Ah, but the Super Bowl constitution has been amended, too. When Commissioner Pete Rozelle, the General Washington of the pro football wars, found peace and created the Super Bowl, his guiding principal was that the heart of winter was no time to play important football games. No -- the championship must be exported to more benign latitudes, leaving January to do its mischief to temperate America without tarnishing the gridiron game and forcing team season-ticket holders to venture out into an ugly second season.
In 1967, Rozelle's first Super Bowl was played right about now, in mid-January. This year, it will go on three weeks later: Feb. 6, with playoff games scheduled all January, in places like icy Massachusetts and suburban Lake Michigan. Sleigh bells ring, are you listening?
And sacrilege to the memory of Pete Rozelle: the 2014 Super Bowl itself will actually be played in New Jersey, a snow-covered land whose governor was pilloried for abandoning the state to take refuge in Disneyworld.
Jersey? Not so ... sure.
Come on: who knows The Garden State climate better? The chubby governor, who leaves New Jersey for Florida, or the fat-cat NFL, which foists the Super Bowl on us there?
To compound this madness, NFL owners want to add two games to the annual schedule, thus taking the Super Bowl closer to Presidents Day than Groundhog Day. The addition of extra games would come at a time when even the owners agree that no longer can we blithely employ that hoary euphemism, "there's a player shaken up on the field" ... when in fact, he's laid out with a concussion or some other serious battlefield wound.

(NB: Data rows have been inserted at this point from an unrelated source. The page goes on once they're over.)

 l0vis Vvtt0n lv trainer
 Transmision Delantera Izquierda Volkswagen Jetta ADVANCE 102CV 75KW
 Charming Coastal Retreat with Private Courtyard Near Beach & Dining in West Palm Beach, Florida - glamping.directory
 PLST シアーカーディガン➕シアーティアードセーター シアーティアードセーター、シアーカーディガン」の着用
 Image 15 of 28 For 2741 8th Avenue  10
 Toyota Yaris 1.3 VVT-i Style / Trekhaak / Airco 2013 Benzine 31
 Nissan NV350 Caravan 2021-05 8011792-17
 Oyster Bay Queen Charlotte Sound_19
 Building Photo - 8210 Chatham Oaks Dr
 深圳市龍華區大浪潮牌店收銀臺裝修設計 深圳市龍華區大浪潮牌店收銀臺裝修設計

Pro football -- played by behemoths who clang into each other at warp speed -- is a brutal game that uses up bodies, and to lengthen the regular schedule to 18 games, some on frozen fields, seems irresponsible, if not grotesque.
But NFL ratings are sky-high and winter is great for television precisely because the frosty weather keeps many Americans inside, where they can gather around the high definition and watch January from the safety of their homes.